ABOUT THE (CONTRAPUNTAL) TRINITAS
Samantha Terrell has not so much written to fulfill the needs of a particular form as discovered the only form that can do justice to this exceptional and spellbinding piece of poeticism. Initially I was concerned at having to negotiate the paths of this extended poem, but my hesitation was quickly forgotten as I abseiled down and across her ingeniously worked phrases and images.
- Roger Hare, Pushcart Prize Nominee
What is a contrapuntal trinitas
A contrapuntal "trinitas" ("three in one") is an experimental form of poetry written to create (at least) three distinct, but related, poems in one.
Unlike a cleave or a dialectic, the trinitas liberates both poet and reader with its free verse style and stanza flexibility. A trinitas need not so much set up opposing arguments, as present varying twists on one or two topics.
While Terrell doesn't wish to place limitations on how other poets may attempt this form, she recommends keeping the stanzas to 6-8 lines when possible. Indeed, most of Terrell's trinitas poems use approximately four or fewer lines per stanza, which she feels assists the reader in appreciating a continuous flow of the piece.

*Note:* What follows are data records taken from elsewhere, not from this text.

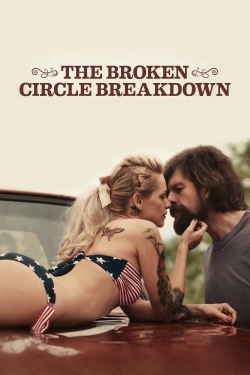 Watch The Broken Circle Breakdown (2012) Online FREE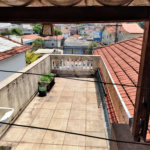 Sobrado à venda com 3 quartos em Mandaqui, São Paulo, SP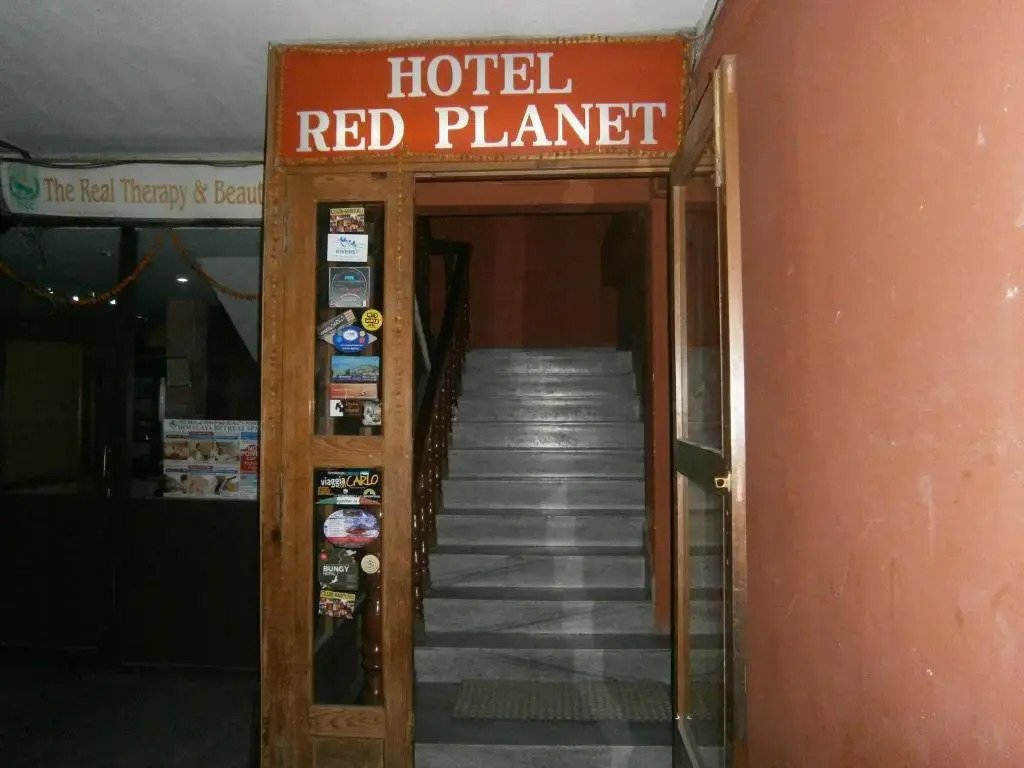 Hotel photo 1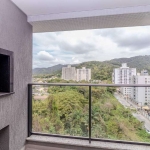 Apartamento com 02 dormitórios à venda na Praia Brava.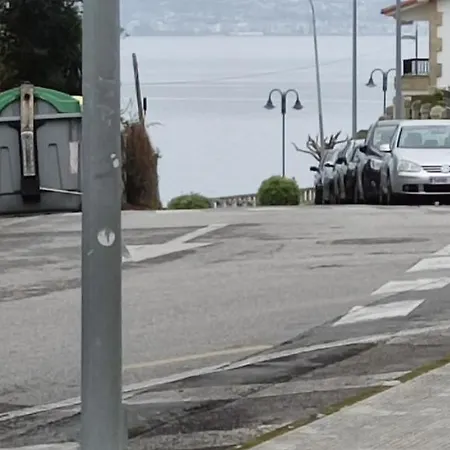 Playa Sanxenxo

Ultimately, a trinitas may be approached by reading first, in a zig-zag manner, scanning back and forth through the stanzas; second, from the top, but reading only the stanzas on the left side of the page; and third, from the top, but reading only the stanzas aligned on the right. All three pieces within the one, will exhibit value and meaning in their own right.
The contrapuntal trinitas (so-named because another title for this form did not heretofore present itself) also bears a slight resemblance to Zuihitsu, a 10th century Japanese form. Poetry Foundation offers the following definition of Zuihitsu: This capacious genre incorporates nonfiction, musings and confessions, poetry, and miscellany to create a spontaneous, layered text.